Today’s best practice, embraced by both Svenson and his municipal counterpart, McMinnville Police Chief Matt Scales, relies on early intervention by a specialized Crisis Intervention Team. Such a team consists of officers trained to recognize situations driven by mental impairment and bring them to a successful conclusion through de-escalation and diversion rather than blind application of force.

The concept arose from a police shooting in Memphis in 1995, and it has been gradually gaining currency ever since.

From the earliest stirrings of recorded history, thousands of years ago, manifestations of mental illness have frightened the forces of human social order. And for good reason.

Criminal behavior generally has one of two root causes — greed or mental illness.

The former is purposeful, thus subject to rational analysis and response. Perpetrators are looking for an unfair, undeserved edge, and are willing to cut corners to get it.

The latter is something else entirely.

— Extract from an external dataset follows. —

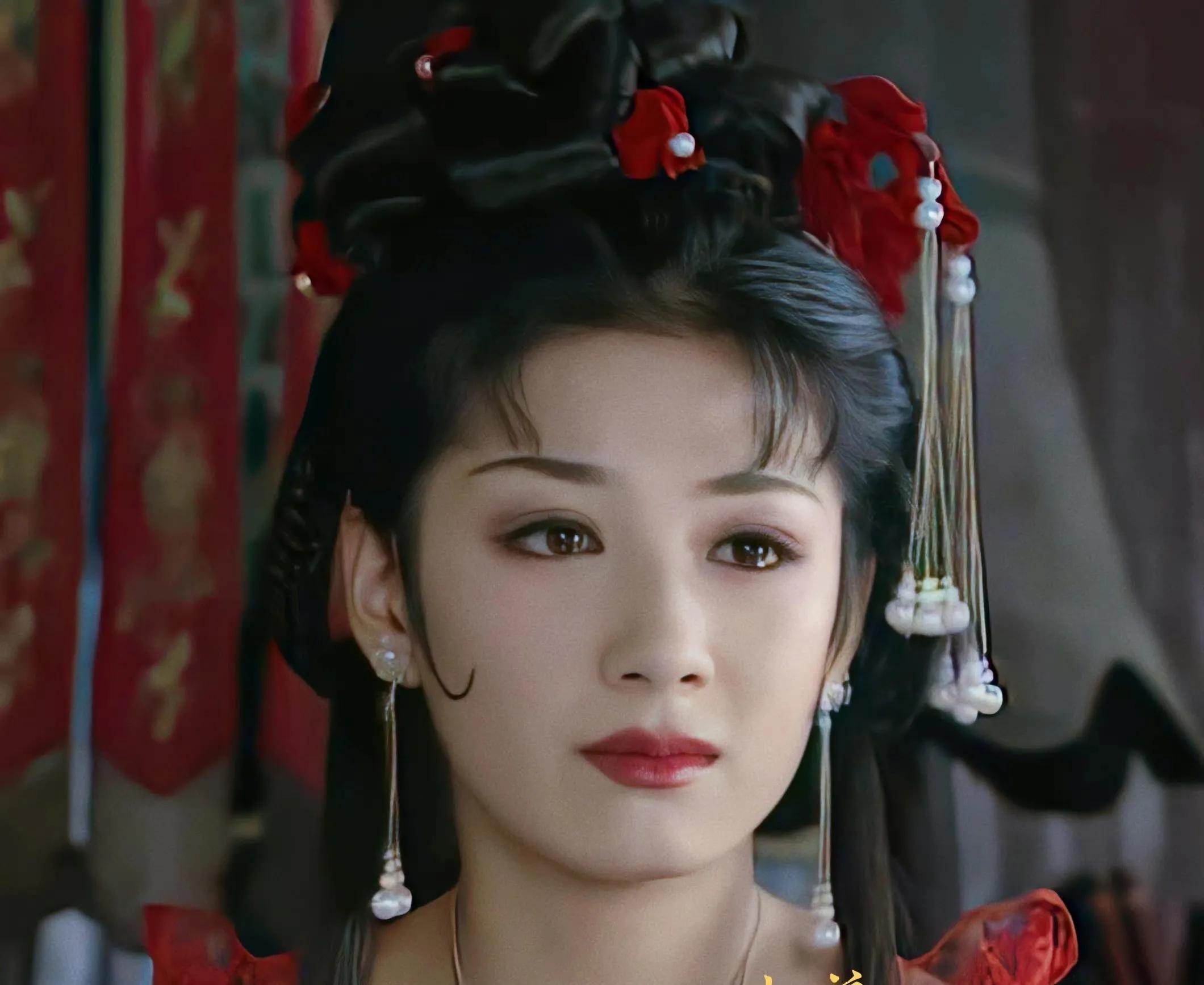 有一种“毁容”叫眼睛凹陷！杨幂比同龄人老10岁，陶虹直接认不出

Its randomness makes it much harder to counter when it crosses to the realm of criminality.
In early civilizations emerging in Asia, Africa and Europe, aimlessly disruptive behavior was typically ascribed to such supernatural causes as demonic possession or the wrath of the gods. How else to explain actions not driven by hope of ill-gotten gain?

In such cases, it wasn’t enough to exact a penalty calculated to tip the balance enough so the undesired behavior no longer promised to pay off, the essence of the deterrent approach, which might work for the rational man, but had no hope of success with his irrational counterpart.

It’s no wonder the “insane” were locked away in asylums or dungeons in medieval Europe, or that “witches” were burned at the stake in colonial New England. To have any validity, a deterrent needed to be permanent.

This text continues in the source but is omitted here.